**EXERCISE MATERIALS:**
○ ○ ○ ○ ○ ○ ○

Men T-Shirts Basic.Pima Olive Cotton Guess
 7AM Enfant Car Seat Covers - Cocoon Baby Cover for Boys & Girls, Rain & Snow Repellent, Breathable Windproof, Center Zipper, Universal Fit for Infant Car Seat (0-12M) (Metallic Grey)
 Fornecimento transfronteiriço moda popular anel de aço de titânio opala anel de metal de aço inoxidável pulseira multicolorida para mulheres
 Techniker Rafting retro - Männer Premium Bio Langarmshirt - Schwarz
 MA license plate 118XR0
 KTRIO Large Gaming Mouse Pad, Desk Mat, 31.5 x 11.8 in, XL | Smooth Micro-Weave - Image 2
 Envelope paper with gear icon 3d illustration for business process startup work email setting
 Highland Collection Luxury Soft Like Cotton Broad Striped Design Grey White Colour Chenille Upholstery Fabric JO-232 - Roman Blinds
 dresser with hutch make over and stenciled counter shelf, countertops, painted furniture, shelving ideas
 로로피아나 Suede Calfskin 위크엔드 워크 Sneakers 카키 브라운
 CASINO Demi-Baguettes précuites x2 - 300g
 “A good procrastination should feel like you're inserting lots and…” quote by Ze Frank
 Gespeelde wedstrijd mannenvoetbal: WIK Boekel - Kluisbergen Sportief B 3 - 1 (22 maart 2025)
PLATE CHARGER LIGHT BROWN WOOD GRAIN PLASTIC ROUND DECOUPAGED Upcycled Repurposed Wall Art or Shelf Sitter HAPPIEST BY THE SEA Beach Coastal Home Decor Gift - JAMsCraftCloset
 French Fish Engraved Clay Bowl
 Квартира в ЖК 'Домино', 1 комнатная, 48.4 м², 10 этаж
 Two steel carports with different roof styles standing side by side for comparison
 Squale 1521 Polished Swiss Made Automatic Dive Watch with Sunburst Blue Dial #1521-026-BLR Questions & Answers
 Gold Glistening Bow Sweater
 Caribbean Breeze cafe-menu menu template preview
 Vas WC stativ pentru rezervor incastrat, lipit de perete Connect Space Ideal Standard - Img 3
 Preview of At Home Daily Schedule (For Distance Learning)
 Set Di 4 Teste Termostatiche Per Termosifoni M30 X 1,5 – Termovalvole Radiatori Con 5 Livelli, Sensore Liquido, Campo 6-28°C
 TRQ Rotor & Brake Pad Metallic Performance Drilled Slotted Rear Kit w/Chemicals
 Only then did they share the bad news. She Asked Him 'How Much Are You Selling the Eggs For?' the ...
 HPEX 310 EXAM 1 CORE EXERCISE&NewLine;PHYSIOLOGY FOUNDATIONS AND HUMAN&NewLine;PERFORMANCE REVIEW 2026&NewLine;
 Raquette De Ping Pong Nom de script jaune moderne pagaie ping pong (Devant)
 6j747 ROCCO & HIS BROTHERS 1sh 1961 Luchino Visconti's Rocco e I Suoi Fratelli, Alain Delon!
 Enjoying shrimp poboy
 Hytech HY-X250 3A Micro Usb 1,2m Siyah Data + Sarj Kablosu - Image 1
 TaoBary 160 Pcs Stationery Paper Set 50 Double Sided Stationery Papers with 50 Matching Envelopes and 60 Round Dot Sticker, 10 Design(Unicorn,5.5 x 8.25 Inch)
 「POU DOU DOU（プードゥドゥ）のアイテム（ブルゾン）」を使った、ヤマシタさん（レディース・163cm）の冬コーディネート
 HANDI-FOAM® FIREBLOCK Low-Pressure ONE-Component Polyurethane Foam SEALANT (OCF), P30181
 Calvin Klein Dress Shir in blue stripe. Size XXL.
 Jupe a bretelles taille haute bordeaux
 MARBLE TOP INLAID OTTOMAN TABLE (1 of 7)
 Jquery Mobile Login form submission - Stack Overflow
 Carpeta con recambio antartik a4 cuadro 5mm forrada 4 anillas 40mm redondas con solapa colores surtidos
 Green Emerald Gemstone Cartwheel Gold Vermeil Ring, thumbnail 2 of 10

○ ○ ○ ○ ○ ○ ○

**WHAT YOU ARE ASKED TO DO:** Tally the lines in the records that hold the word "Gold". Give only the total.

**TASK RESULT:** 2